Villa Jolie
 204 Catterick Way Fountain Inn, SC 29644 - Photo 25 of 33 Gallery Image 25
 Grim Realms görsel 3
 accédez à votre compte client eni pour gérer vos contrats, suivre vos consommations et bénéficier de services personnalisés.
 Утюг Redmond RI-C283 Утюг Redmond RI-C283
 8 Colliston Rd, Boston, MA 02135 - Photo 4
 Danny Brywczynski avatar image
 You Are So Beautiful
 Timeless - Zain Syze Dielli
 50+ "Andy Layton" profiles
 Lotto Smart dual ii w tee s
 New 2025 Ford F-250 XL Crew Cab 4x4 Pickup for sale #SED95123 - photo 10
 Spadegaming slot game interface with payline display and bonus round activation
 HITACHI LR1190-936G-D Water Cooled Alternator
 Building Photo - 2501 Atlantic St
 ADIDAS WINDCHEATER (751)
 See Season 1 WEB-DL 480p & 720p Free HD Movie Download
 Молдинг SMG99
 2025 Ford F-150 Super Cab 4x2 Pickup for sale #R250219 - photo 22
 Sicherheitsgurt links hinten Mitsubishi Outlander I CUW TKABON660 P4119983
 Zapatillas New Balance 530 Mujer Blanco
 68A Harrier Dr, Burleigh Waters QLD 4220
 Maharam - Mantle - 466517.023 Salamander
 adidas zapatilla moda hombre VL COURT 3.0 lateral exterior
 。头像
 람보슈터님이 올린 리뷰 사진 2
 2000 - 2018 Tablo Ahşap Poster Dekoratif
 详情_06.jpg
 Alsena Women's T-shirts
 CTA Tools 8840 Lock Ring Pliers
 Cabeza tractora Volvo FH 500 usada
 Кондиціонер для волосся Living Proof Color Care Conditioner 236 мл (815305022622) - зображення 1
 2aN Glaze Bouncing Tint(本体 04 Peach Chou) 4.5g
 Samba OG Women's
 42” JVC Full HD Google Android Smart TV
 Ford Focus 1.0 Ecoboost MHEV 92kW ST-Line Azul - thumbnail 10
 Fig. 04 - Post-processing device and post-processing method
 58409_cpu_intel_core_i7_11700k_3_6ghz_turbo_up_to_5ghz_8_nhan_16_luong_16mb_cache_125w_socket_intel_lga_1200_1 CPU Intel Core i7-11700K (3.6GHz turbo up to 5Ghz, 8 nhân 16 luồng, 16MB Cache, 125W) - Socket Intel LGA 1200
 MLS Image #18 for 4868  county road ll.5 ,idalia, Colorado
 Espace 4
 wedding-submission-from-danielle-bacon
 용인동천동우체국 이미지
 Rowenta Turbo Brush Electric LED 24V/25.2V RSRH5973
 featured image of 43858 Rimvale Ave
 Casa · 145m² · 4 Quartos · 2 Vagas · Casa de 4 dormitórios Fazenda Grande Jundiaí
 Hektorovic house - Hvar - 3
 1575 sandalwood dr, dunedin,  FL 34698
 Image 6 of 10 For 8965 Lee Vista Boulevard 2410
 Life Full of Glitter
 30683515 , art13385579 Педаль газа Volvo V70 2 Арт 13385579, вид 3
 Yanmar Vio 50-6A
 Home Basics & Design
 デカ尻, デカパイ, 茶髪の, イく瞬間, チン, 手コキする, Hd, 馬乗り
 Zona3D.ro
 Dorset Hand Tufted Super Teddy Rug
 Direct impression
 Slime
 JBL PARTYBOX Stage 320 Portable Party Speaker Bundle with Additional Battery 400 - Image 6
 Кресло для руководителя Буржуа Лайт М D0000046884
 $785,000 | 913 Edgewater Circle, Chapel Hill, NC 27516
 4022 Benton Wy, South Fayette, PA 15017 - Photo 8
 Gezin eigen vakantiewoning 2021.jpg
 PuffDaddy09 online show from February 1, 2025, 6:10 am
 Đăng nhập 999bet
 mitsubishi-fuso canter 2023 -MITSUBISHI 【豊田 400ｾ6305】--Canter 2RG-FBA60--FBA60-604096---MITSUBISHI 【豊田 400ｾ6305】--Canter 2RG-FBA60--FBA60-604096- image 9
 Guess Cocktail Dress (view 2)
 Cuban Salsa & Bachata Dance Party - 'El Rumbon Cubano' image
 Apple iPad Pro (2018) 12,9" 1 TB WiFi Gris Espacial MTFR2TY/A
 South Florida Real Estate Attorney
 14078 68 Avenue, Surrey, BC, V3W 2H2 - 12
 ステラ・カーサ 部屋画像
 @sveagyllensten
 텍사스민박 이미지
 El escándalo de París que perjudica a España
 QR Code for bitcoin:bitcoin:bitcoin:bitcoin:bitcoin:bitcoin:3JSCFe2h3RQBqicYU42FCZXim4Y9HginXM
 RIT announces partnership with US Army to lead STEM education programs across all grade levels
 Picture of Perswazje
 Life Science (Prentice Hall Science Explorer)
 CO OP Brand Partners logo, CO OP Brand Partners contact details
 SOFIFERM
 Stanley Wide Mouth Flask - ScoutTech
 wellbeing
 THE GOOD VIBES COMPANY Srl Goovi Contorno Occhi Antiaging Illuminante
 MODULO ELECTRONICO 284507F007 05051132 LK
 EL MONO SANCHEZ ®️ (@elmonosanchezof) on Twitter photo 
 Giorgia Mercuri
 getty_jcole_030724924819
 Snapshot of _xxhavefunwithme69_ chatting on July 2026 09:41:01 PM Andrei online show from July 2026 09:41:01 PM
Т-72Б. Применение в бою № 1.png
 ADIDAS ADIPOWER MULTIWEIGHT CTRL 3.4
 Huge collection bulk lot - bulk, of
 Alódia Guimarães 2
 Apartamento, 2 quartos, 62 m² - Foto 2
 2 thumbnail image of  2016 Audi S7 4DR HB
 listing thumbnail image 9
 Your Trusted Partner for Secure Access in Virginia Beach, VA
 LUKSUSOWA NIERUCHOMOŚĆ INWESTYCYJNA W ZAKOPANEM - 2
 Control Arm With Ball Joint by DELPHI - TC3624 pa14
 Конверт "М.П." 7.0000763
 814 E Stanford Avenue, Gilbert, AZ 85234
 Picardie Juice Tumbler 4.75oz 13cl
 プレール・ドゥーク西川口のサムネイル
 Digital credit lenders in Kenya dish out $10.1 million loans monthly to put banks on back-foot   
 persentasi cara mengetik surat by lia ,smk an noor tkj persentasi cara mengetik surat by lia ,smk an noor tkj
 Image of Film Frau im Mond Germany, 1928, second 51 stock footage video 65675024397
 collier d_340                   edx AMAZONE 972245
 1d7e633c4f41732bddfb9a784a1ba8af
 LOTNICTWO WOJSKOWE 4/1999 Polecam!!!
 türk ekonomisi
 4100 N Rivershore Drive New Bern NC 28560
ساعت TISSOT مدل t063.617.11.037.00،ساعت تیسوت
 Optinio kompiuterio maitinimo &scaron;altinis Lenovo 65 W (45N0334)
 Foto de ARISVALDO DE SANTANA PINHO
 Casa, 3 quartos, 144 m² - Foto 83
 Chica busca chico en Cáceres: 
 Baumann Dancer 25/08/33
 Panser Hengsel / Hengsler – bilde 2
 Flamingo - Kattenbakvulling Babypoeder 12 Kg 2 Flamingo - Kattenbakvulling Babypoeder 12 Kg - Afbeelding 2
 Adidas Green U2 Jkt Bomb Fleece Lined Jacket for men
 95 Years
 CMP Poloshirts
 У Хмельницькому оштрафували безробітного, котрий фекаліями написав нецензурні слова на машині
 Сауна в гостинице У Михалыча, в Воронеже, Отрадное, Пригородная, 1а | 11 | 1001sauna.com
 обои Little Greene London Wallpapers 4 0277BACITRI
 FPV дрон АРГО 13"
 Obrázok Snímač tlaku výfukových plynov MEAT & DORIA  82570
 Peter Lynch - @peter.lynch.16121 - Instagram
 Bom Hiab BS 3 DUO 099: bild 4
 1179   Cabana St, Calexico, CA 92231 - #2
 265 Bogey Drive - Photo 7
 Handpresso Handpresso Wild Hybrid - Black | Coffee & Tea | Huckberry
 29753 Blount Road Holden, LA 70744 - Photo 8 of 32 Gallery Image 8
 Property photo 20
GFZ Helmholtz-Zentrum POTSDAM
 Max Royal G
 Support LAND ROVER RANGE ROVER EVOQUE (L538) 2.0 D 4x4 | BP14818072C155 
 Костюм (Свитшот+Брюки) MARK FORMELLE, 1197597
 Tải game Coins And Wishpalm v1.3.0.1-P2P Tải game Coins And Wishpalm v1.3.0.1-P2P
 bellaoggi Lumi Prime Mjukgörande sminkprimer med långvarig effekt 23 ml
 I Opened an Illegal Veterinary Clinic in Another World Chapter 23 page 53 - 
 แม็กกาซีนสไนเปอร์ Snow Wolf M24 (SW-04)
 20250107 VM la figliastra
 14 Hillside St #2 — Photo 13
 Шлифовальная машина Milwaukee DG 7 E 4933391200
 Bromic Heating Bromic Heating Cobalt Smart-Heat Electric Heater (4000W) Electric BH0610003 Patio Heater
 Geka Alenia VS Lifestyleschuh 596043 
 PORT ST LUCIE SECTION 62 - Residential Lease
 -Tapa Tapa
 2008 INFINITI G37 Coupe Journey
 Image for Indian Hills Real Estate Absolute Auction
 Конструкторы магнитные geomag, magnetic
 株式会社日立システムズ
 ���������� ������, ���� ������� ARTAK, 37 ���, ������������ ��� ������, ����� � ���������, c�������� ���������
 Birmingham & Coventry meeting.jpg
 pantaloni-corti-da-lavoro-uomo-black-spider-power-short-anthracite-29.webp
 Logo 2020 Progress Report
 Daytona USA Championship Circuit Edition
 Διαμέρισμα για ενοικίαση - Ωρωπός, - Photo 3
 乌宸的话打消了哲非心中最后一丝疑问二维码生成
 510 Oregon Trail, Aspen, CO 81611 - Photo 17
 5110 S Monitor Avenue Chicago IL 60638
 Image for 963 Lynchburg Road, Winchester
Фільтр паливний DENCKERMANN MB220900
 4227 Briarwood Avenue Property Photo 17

◆ **Task statement**
Would you copy out exactly the lines above that start at the one containing "Huge collection bulk lot - bulk, of" and end at the one containing "CMP Poloshirts", inclusive?

◆ **Problem solution**
 Huge collection bulk lot - bulk, of
 Alódia Guimarães 2
 Apartamento, 2 quartos, 62 m² - Foto 2
 2 thumbnail image of  2016 Audi S7 4DR HB
 listing thumbnail image 9
 Your Trusted Partner for Secure Access in Virginia Beach, VA
 LUKSUSOWA NIERUCHOMOŚĆ INWESTYCYJNA W ZAKOPANEM - 2
 Control Arm With Ball Joint by DELPHI - TC3624 pa14
 Конверт "М.П." 7.0000763
 814 E Stanford Avenue, Gilbert, AZ 85234
 Picardie Juice Tumbler 4.75oz 13cl
 プレール・ドゥーク西川口のサムネイル
 Digital credit lenders in Kenya dish out $10.1 million loans monthly to put banks on back-foot   
 persentasi cara mengetik surat by lia ,smk an noor tkj persentasi cara mengetik surat by lia ,smk an noor tkj
 Image of Film Frau im Mond Germany, 1928, second 51 stock footage video 65675024397
 collier d_340                   edx AMAZONE 972245
 1d7e633c4f41732bddfb9a784a1ba8af
 LOTNICTWO WOJSKOWE 4/1999 Polecam!!!
 türk ekonomisi
 4100 N Rivershore Drive New Bern NC 28560
ساعت TISSOT مدل t063.617.11.037.00،ساعت تیسوت
 Optinio kompiuterio maitinimo &scaron;altinis Lenovo 65 W (45N0334)
 Foto de ARISVALDO DE SANTANA PINHO
 Casa, 3 quartos, 144 m² - Foto 83
 Chica busca chico en Cáceres: 
 Baumann Dancer 25/08/33
 Panser Hengsel / Hengsler – bilde 2
 Flamingo - Kattenbakvulling Babypoeder 12 Kg 2 Flamingo - Kattenbakvulling Babypoeder 12 Kg - Afbeelding 2
 Adidas Green U2 Jkt Bomb Fleece Lined Jacket for men
 95 Years
 CMP Poloshirts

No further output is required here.